Defense of the Green Belt

18 October 2017


An interpretation of Green Policy by DJN for the North Herts and Stevenage Green Party (Oct 2017) 


The Green Party is a staunch defender of green belt land 

Green belt is mentioned several times in our policies and also in our 2017 Manifesto. Whenever green belt is mentioned the Green Party strongly support its protection 


The Green Party wants to extend a basic protection to the whole countryside, and legislate to prevent further destruction to wildlife habitats, soil, landscape, ancient monuments and our countryside heritage. All farmland and open countryside is environmentally sensitive, and the Party wants to produce a network of protected sites. The Green Party is committed to the protection of Areas of Outstanding Natural Beauty, National Parks, Sites of Special Scientific Interest, National Nature Reserves, Special Areas of Conservation, and Scheduled Ancient Monuments: to this list we would add local nature reserves (LNRs) as they are not specifically mentioned by name, although “land of local importance” is mentioned. 


For example, in our Policy on the Countryside, point CY562 it says; The Green Party will retain and rigorously strengthen Green Belt legislation as a positive measure to revitalise the countryside, improve quality of life for people in cities and large towns and encourage the extension of green wedges into the cities. 

We will: 

a) Make rural communities rewarding places to live and work in, reducing and reversing rural depopulation and out-migration 

b) Extend environmental and social impact statement into all areas of decision-making 

c) Encourage the development of thriving urban and rural communities 

d) Reduce speculation in land in both urban and rural areas. 


In our Policy on Local Planning and the Built Environment, point LP407: The Green Party strongly supports the provision of green belts to contain urban sprawl, to maintain the separation of settlements, to protect prime agricultural land around settlements, to encourage urban regeneration and compact towns and cities, and to complement the ecological and cultural value of other designations listed in LP405. The Green Party would put a greater emphasis on the green belt’s use for wider sustainable development considerations such as flooding, biodiversity, agriculture, energy production and sustainable transport.
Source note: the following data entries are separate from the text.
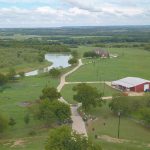 Aerial view of a rural landscape with a winding road, a red barn, scattered trees, green fields, and a small pond under a partly cloudy sky.
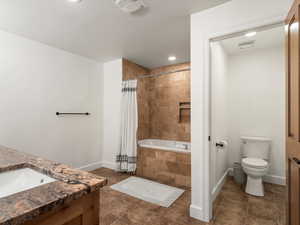 Full bathroom featuring shower / bathtub combination with curtain, vanity, tile patterned flooring, and toilet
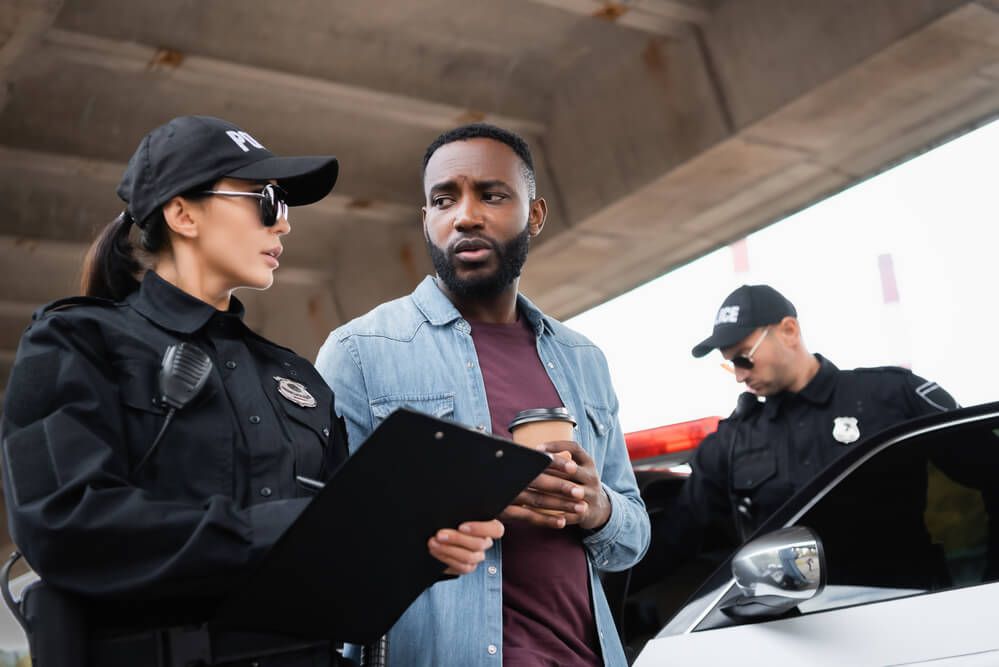 A police officer holding a clipboard talks to a man holding a coffee cup, with another officer nearby by a patrol car.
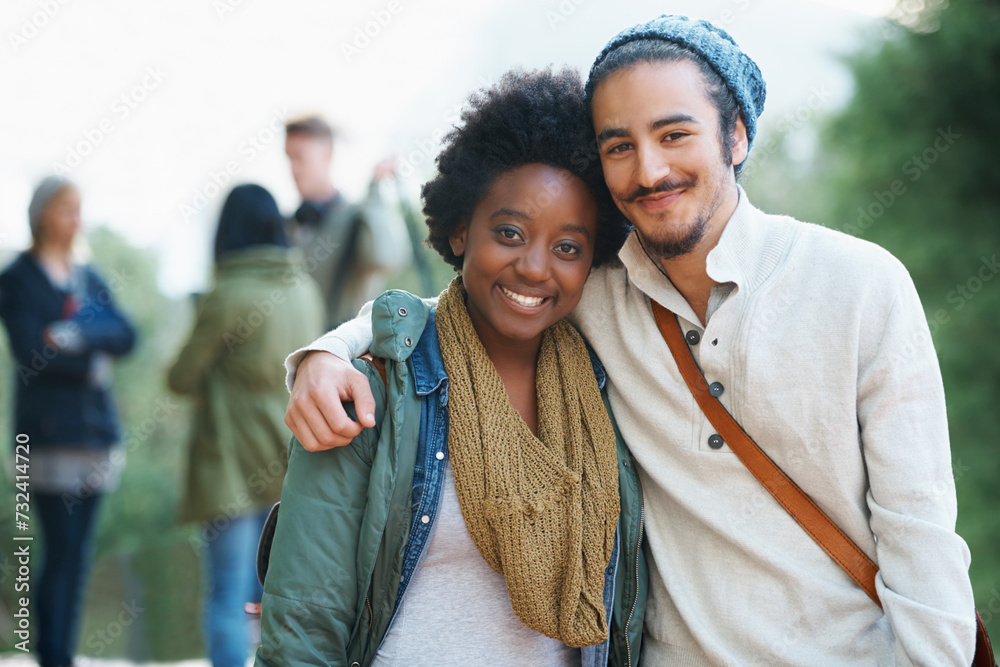 Poster Students, university and portrait of interracial couple of friends on campus with hug and an embrace together outdoor. College, school education and diversity with a happy smile ready for class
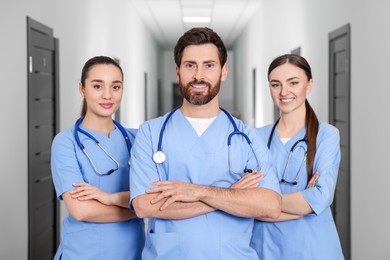 Photo of Team of smart medical students in college hallway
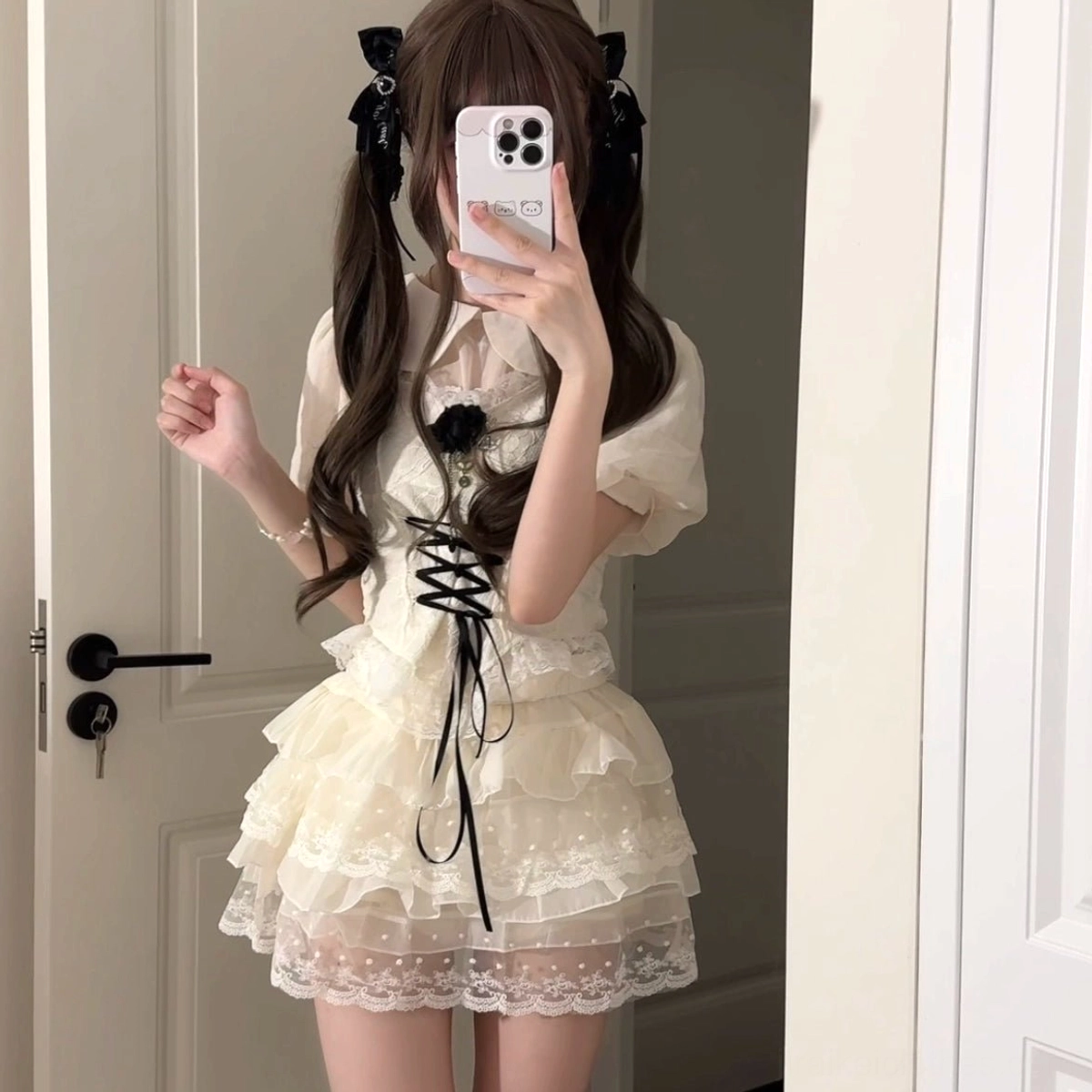 Cream beige Jirai Kei sweet gothic dress set front mirror selfie with short puff sleeves black corset lace-up tiered lace skirt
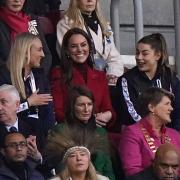 The Princess of Wales with rugby league stars Jodie Cunningham, left, and Emily Rudge, right, watching the England men's Rugby League World Cup quarter-final against Papua New Guinea at the DW Stadium in Wigan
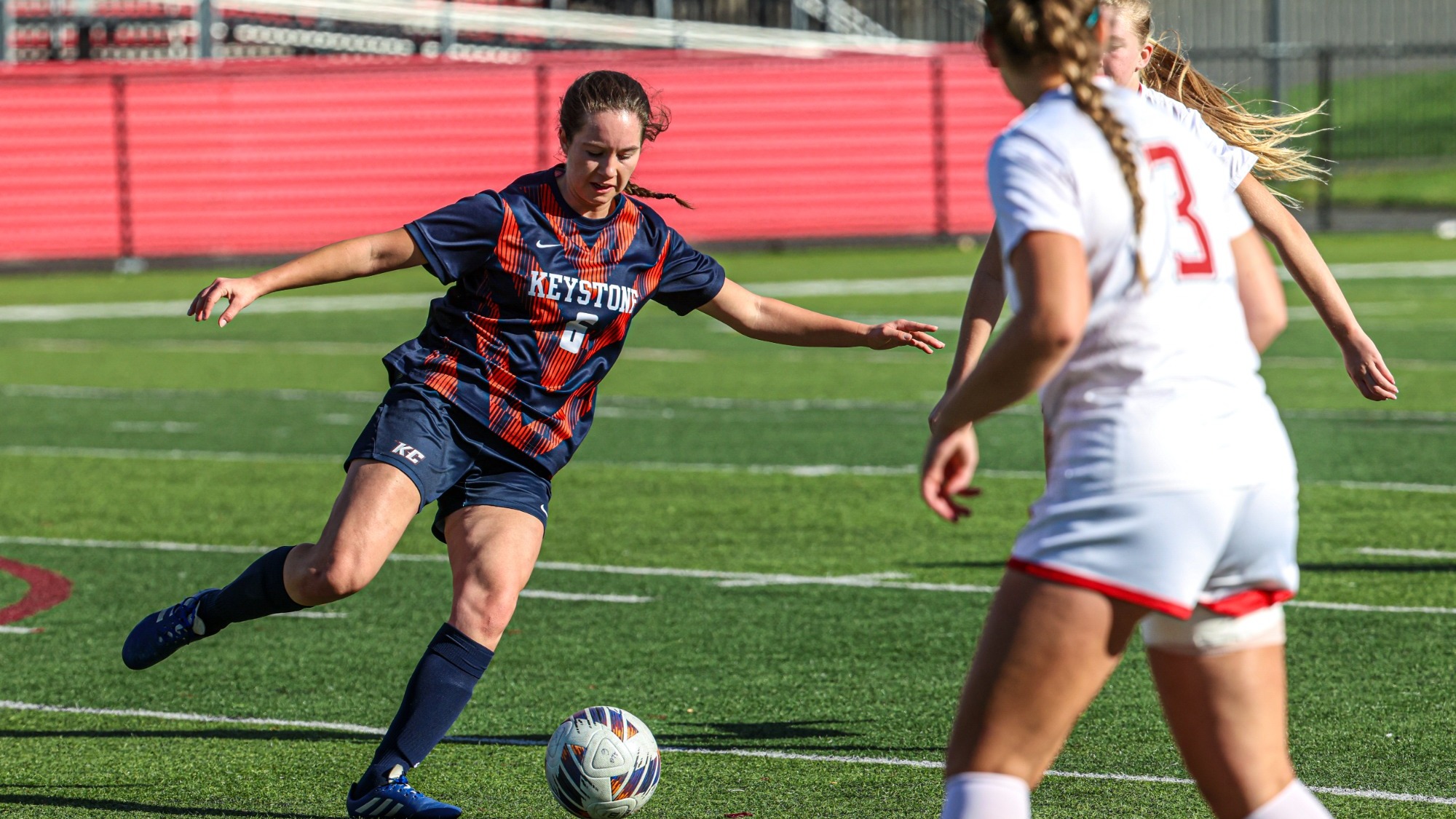 Keystone women’s soccer player wearing number 6 in a navy and orange uniform prepares to kick the ball as two opposing players in white approach on the turf field.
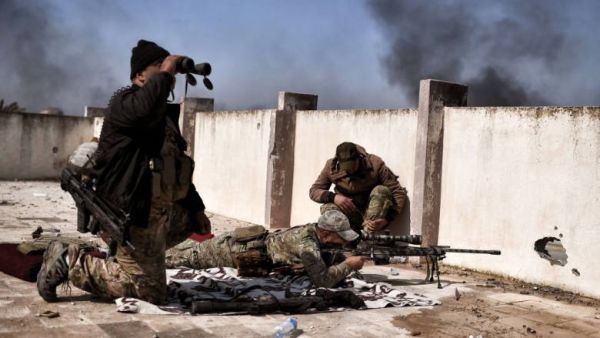 A sniper fires at targets during clashes with ISIS fighters in Mosul. (AFP/ File Photo)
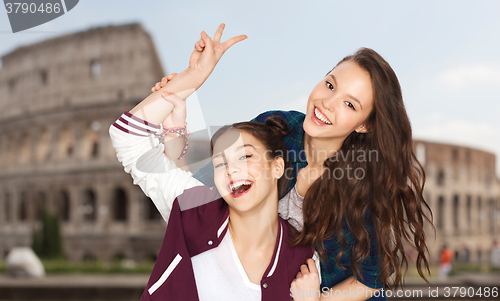 Image of happy teenage girls showing peace over coliseum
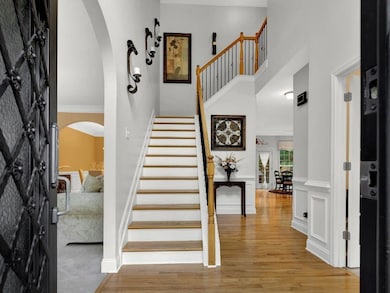 Entryway featuring arched walkways, wood finished floors, a towering ceiling, stairway, and baseboards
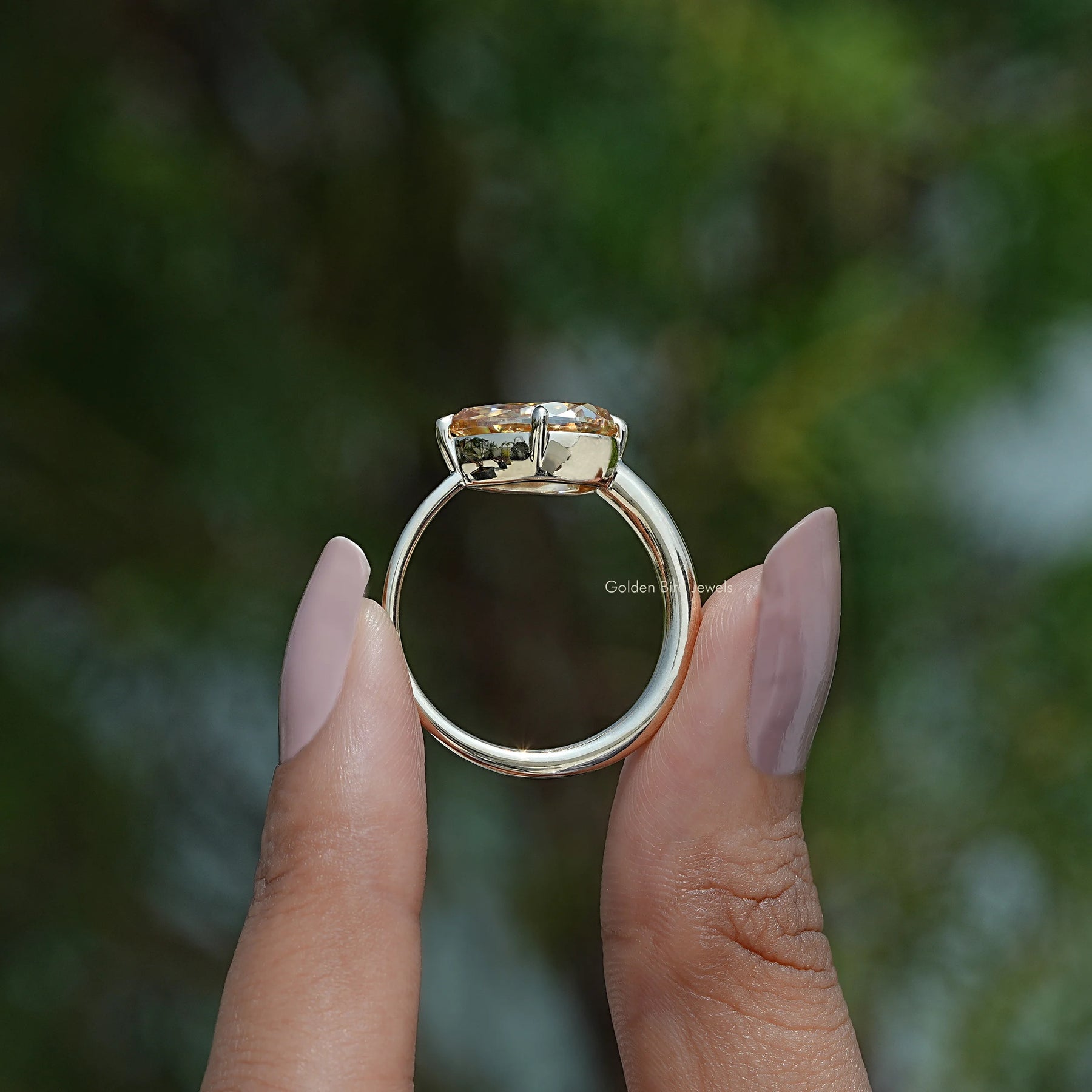 Back View A pear east west engagement ring In two fingers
The local authority role in reviewing and protecting the green belt is set out in LP510 


Also in our 2017 Manifesto it mentions strong protection for the Green Belt, National Parks, SSSIs and Areas of Outstanding Natural Beauty. From policy: also, wildlife-rich brownfield sites. 


A home is a human right 

A tension exists between development of land for homes and preservation of the countryside. The Green Party believes that a comfortable warm and secure home is a basic human right. From our Policy on housing: 


HO100: Affordable, secure and comfortable accommodation is a basic human right. 

HO403: Housing provision targets should be based on housing needs surveys from local authorities; commercial house builders should not be involved in choosing sites or assessing needs 

HO410 f) The built environment can be important for some species. Enhance where possible for birds, bats, insects and plants. 


How the tension is resolved 

Brownfield should always be developed first where appropriate. If loss of countryside is deemed necessary the tension is resolved by applying a stringent decision-making process. Firstly, it must be proved that houses are needed at a local level and choice of land should be rational, free of profit-making concerns. Wildlife-rich brownfield sites should also be protected. Secondly, the area must be thoroughly surveyed, including for ecological value and biodiversity. Thirdly, re-designation of the land can halt or change the development.  


Development should always go on the least sensitive, most accessible land. 


1. Choice of land 

Speculation and profit-making by selling land for development should be reduced by demand-reduction policies such as taxes and compulsory purchase. This will create the ability to choose appropriate land - rather than availability being decided by the sellers, as it is now. 

2. Evidence-base for development 

The land needs to be thoroughly investigated, as does the decision-making process, according to the following: 

  • The functions of the green belt should be unaffected 

  • The landscape should be taken into account 

  • The land may be important at a local, regional, national or international level and this must be taken into account 

  • The Local Plan should be underpinned by a vigorous evidence base including: availability of land, requirements for housing, employment, local ecology and ecosystems and the historic environment 

  • Designated land should not be used such as floodplains, LNRs, SSSIs, AONB etc, ancient (or preferably any) woodlands 

  • Prime agricultural land/tillable land – this is valuable and the Green Party would prefer not to lose it 

  • The effects of climate change, eg likely shortages in fresh water or changes in the availability of arable land must be taken into account 

3. Re-designation of the area (to indicate environmental or other value) will result in no development  

Thus, the least sensitive, most accessible land should be chosen for housing. The Green Party approach for damage to wildlife is “avoid, mitigate and compensate” in that order.